Statistical Zero-Knowledge. Another consequence of our smoothing lemma is a statistical zero-knowledge proof for the NCP problem for balanced codes with low noise, namely where \(w/m \approx \frac{\log ^2 n}{n}\). In particular, we show that the search problem is in \(\mathcal {BPP}^{\mathcal {SZK}}\). Membership in \(\mathcal {BPP}^{\mathcal {SZK}}\) should be viewed as an easiness result: a consequence of this result and a theorem of Mahmoody and Xiao [MX10] is that NCP with low noise cannot be \(\mathcal {NP}\)-hard unless the polynomial hierarchy collapses.

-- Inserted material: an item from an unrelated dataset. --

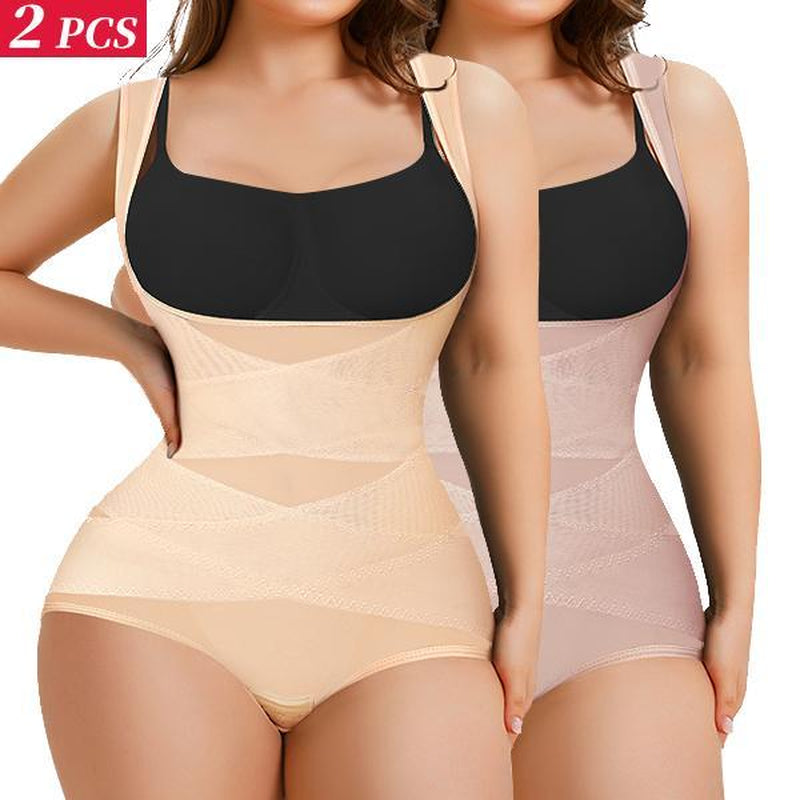 [MAX] Nebility Women'S Clothing Mesh Breathable Basic Faja Shapewear, Minimalist Comfort Sleeveless Tops High Waist Compression Womenswear #Tiktokshopbacktoschool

Our result is the first non-\(\mathcal {NP}\)-hardness result we know for NCP, complementing the \(\mathcal {NP}\)-hardness result of Dumer, Micciancio and Sudan [DMS99] for noise slightly larger than half the minimum distance, namely where \(w/m \approx 1/2\) (but leaves a large gap in between). This is the LPN/codes analog of a result for LWE/lattices that we have known for over a decade [MV03]. We refer the reader to Sect. 5 for this result.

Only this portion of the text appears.